I had a chemical pregnancy in January 2015. My husband and I were trying to get pregnant and had been for long enough to feel sick of seeing single lines on pregnancy tests, but short enough to still be optimistic.

Seeing two lines was so, so exciting. But, one was faint. More than an hour spent in the depths of TTC (trying to conceive) threads, I felt jubilant; a faint line was still a line. I was pregnant. Many commenters in the threads said they saw darker lines as the days went by. Why these women continued to test after they confirmed they were pregnant, I don’t know. It was probably the same reason I continued to test.

The next day, the line was darker, yet still faint. But, I was pregnant! My husband and I were thrilled, even though we knew it was early. The next couple of days my body felt different. I hadn’t expected that. I thought most women had no pregnancy symptoms in those first few days, but my breasts were so sore and I experienced my first-ever migraine. I felt like something may be wrong. But, I am also a worrier, so in my gut, I thought everything was fine, and that I was just over-analyzing every feeling.

Another test, and a fainter line slowly appeared. On my lunch break at work, I called my doctor, shared my symptoms and told her I thought I may be having a chemical pregnancy. She advised that I could come in, but ultimately, if I had a chemical pregnancy, there was nothing they could do to save it.

The next day there was a single line.

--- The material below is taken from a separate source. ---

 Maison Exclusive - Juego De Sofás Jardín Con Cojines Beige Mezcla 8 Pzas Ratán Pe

I was not pregnant. The bleeding started soon after.

Loss is a tricky thing. I personally felt that I shouldn’t be mourning. After all, my body had proven it could conceive, and that was a good thing – something countless women pray for and never have. And while I had lost a pregnancy, it wasn’t that bad, according to how I thought I should feel. Hell, people don’t even call it a miscarriage. I didn’t have to go into labor; I didn’t fall in love with the feeling of baby kicks. We hadn’t even thought about names.

I found myself not allowing the pain to be felt. Sure, we cried. But I compared our loss to the losses of others – more traumatic, more raw – and didn’t give myself the opportunity to grieve enough because I thought my loss was not significant enough. I think that’s why I’m writing this now, more than two years after the experience. Moving forward past the loss happened almost immediately for me, because I pushed the hard feelings away. As a result, emotion regarding the experience was fresh in my underbelly, ready to bubble up at any trigger. Now, since I have let myself remember, and let myself be sad without comparing my sadness to the sadness of others, I no longer feel that pit of emotion.

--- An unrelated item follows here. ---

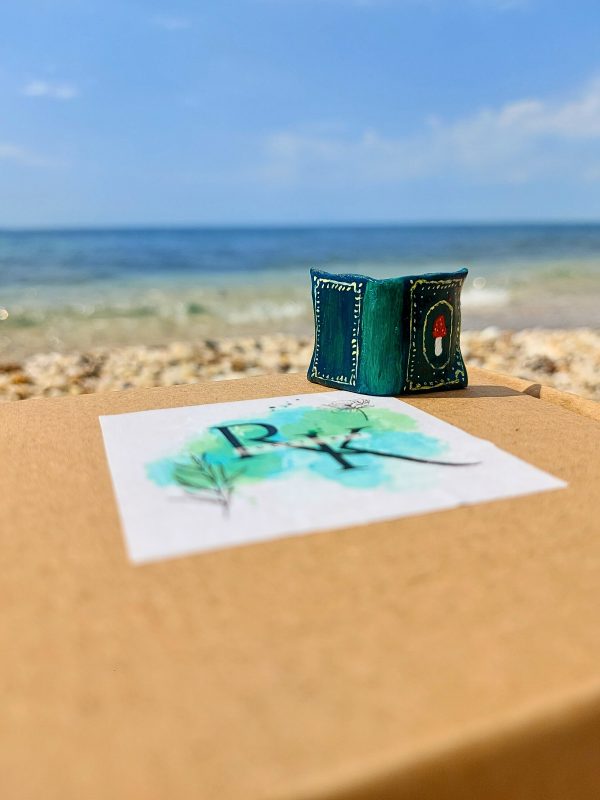 Handmade Green Magical Book Miniature – Polymer Clay Figurine on our box - Back Side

If I could go back, I would tell myself not to compare my experience to the experiences of others. Not to negate my feelings because I felt guilty feeling them. There is no right or wrong way to grieve, and there is no single path you must take to overcome.

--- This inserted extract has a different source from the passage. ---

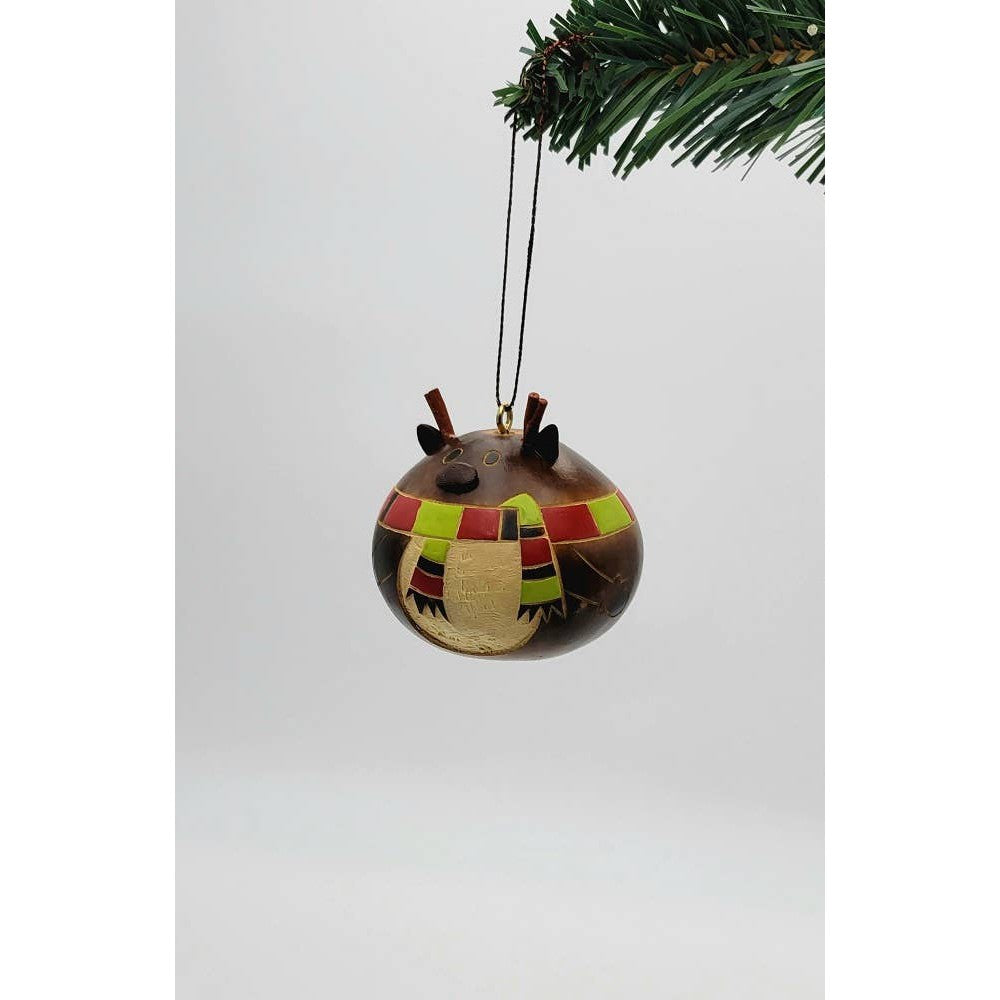 Reindeer with Scarf Gourd Ornament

My son was conceived the month after my chemical pregnancy. Words will never express my gratitude for him, for the ability to have him, for the fact that he is healthy and happy. I think any loss – no matter how large or small – can help you appreciate more. And I will never under-appreciate the amazing human my body created.

2 COMMENTS

  1. I don’t know how I’ve never heard it called this before. I experienced the same thing a short few months after we were married. I sometimes feel guilty because I don’t mourn like I see others mourning. I didn’t have a dr yet, we had just managed to get some insurance the week before. When calling around I was told by a womens clinic to go the ER – I was having severe cramping with the bleeding. So I went.
    Insurance messed us up a lot, and I think I got so involved figuring all that out, I never did grieve. Sometimes I think of it, and the baby it might have been.
    Thank you for writing this and making me feel a bit better. Having a name for my “miscarriage” sort of gives it more closure.